<<<<

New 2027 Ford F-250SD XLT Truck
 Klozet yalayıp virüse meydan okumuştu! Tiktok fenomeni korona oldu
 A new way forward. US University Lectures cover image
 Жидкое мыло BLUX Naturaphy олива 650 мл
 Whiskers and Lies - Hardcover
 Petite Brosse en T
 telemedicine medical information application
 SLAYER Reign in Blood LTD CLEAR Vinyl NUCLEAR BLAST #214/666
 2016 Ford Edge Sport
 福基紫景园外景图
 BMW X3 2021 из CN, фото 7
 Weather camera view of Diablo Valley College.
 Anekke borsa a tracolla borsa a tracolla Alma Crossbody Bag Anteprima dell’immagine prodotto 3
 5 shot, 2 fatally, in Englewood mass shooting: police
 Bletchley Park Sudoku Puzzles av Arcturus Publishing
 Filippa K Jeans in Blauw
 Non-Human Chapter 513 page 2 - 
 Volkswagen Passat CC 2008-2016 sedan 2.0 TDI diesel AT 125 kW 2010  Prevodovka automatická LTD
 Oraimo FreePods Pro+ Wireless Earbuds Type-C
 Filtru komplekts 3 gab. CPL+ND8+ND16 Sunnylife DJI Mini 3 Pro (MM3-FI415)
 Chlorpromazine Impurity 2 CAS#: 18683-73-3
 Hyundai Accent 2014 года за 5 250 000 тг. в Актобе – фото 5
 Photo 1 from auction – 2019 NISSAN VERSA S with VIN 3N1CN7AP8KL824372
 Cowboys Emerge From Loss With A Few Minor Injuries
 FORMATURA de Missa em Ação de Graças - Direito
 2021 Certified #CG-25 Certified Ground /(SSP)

>>>>

*Task goal*
Go through the listing above and write out exactly the lines starting with the one holding "SLAYER Reign in" and running through the one holding "Cowboys Emerge From", ends included, and no others.

*Output*
 SLAYER Reign in Blood LTD CLEAR Vinyl NUCLEAR BLAST #214/666
 2016 Ford Edge Sport
 福基紫景园外景图
 BMW X3 2021 из CN, фото 7
 Weather camera view of Diablo Valley College.
 Anekke borsa a tracolla borsa a tracolla Alma Crossbody Bag Anteprima dell’immagine prodotto 3
 5 shot, 2 fatally, in Englewood mass shooting: police
 Bletchley Park Sudoku Puzzles av Arcturus Publishing
 Filippa K Jeans in Blauw
 Non-Human Chapter 513 page 2 - 
 Volkswagen Passat CC 2008-2016 sedan 2.0 TDI diesel AT 125 kW 2010  Prevodovka automatická LTD
 Oraimo FreePods Pro+ Wireless Earbuds Type-C
 Filtru komplekts 3 gab. CPL+ND8+ND16 Sunnylife DJI Mini 3 Pro (MM3-FI415)
 Chlorpromazine Impurity 2 CAS#: 18683-73-3
 Hyundai Accent 2014 года за 5 250 000 тг. в Актобе – фото 5
 Photo 1 from auction – 2019 NISSAN VERSA S with VIN 3N1CN7AP8KL824372
 Cowboys Emerge From Loss With A Few Minor Injuries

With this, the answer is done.